**Data for analysis**:
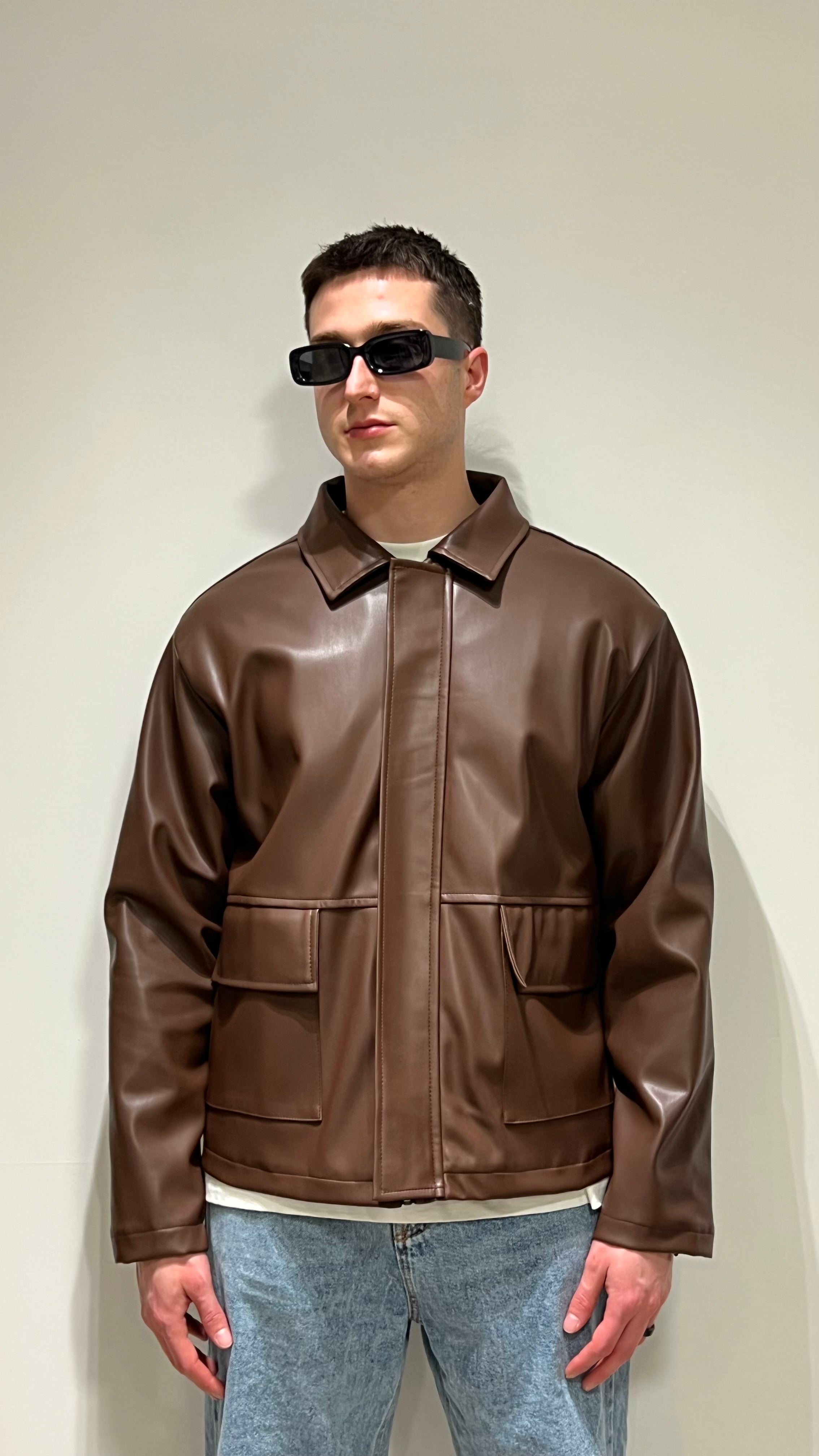Giacca similpelle crop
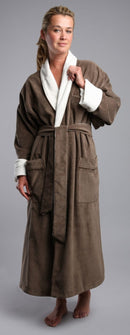 Corduroy Microfiber Shawl Bathrobe, Plush Lined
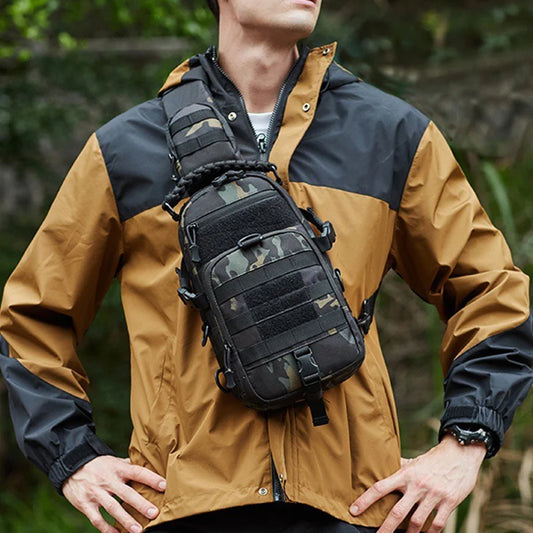 Men's Camping Chest Bag Tactical Sports Shoulder Outdoor Fanny Pack Hiking Climbing Cycling Fishing MOLLE System Sling Bags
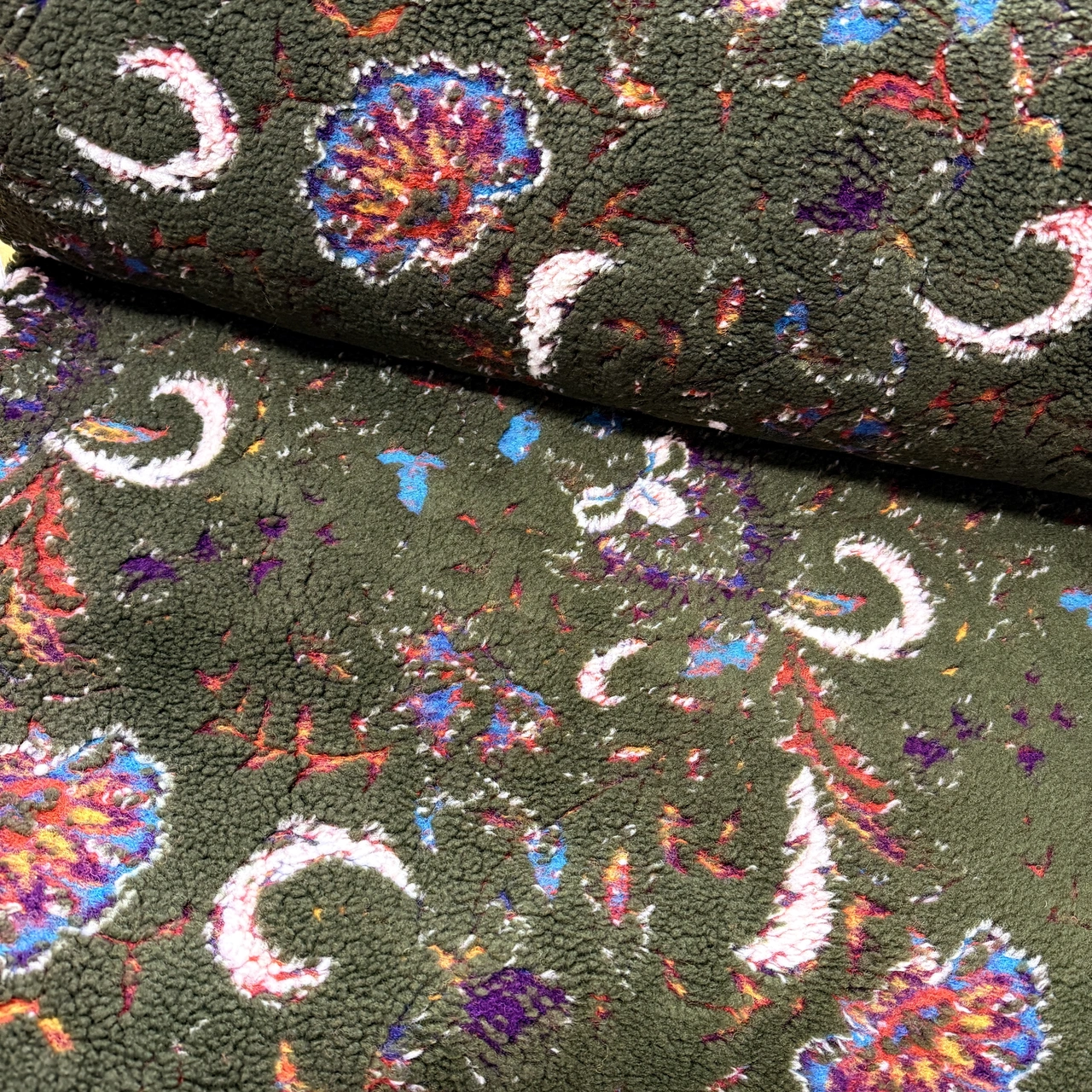 Dolores,grön - Fuskpäls/Teddy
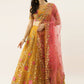 House of Panchhi Mustard Net Semi stitched Coding, Sequins & Saroski Stone Work Lehenga Choli | Swadesiicart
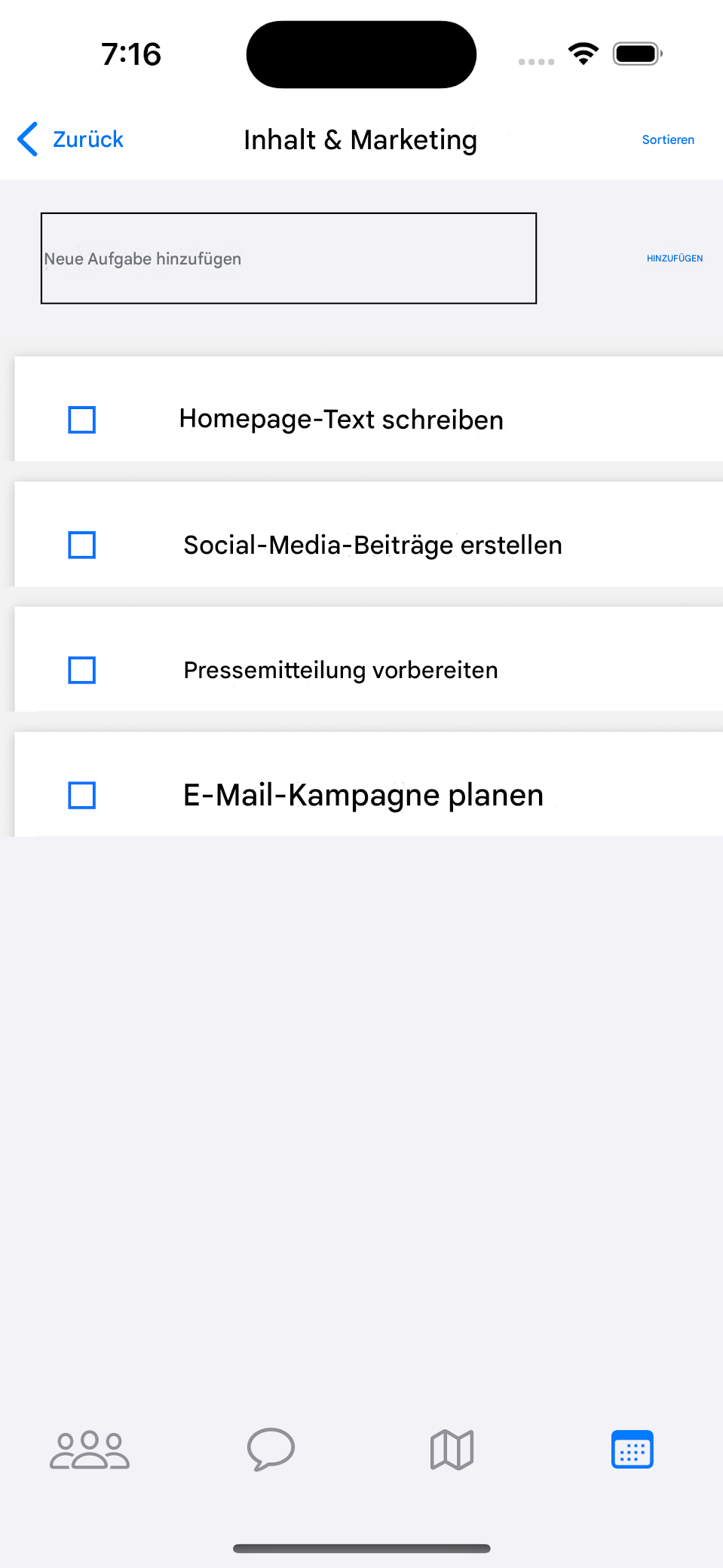 Geteilte Aufgabenlisten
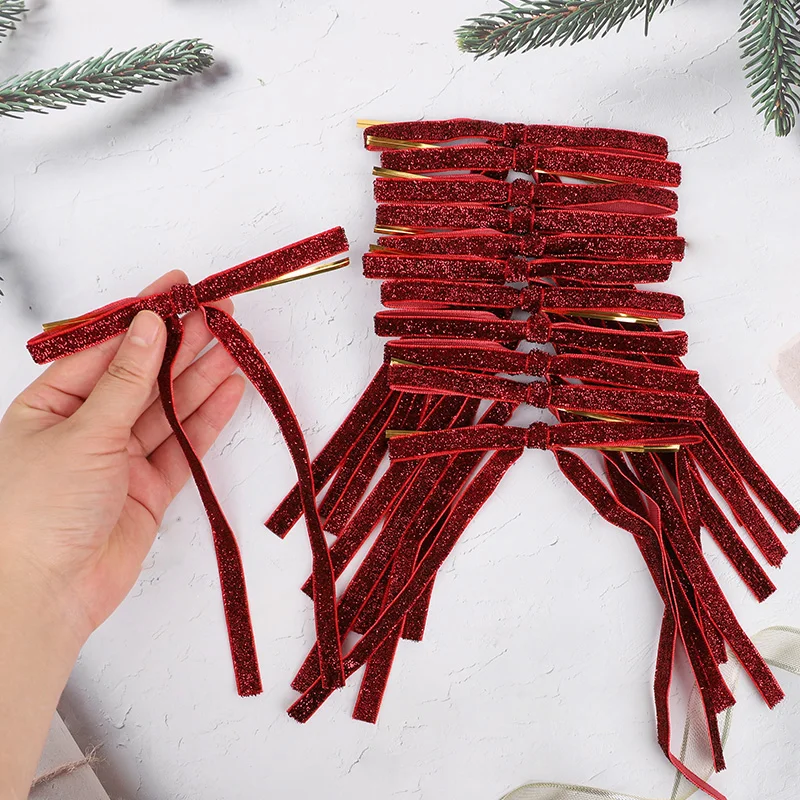 12pcs Red Gold Velvet Bow Christmas Tree Hanging Ribbon Bow Glitter Ornaments DIY Crafts 2025 Christmas Party Gift Decorations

**Exercise brief**:
With images omitted, retype the data word for word.

**Reply to the exercise**:
Giacca similpelle crop
 Corduroy Microfiber Shawl Bathrobe, Plush Lined
 Men's Camping Chest Bag Tactical Sports Shoulder Outdoor Fanny Pack Hiking Climbing Cycling Fishing MOLLE System Sling Bags
 Dolores,grön - Fuskpäls/Teddy
 House of Panchhi Mustard Net Semi stitched Coding, Sequins & Saroski Stone Work Lehenga Choli | Swadesiicart
 Geteilte Aufgabenlisten
 12pcs Red Gold Velvet Bow Christmas Tree Hanging Ribbon Bow Glitter Ornaments DIY Crafts 2025 Christmas Party Gift Decorations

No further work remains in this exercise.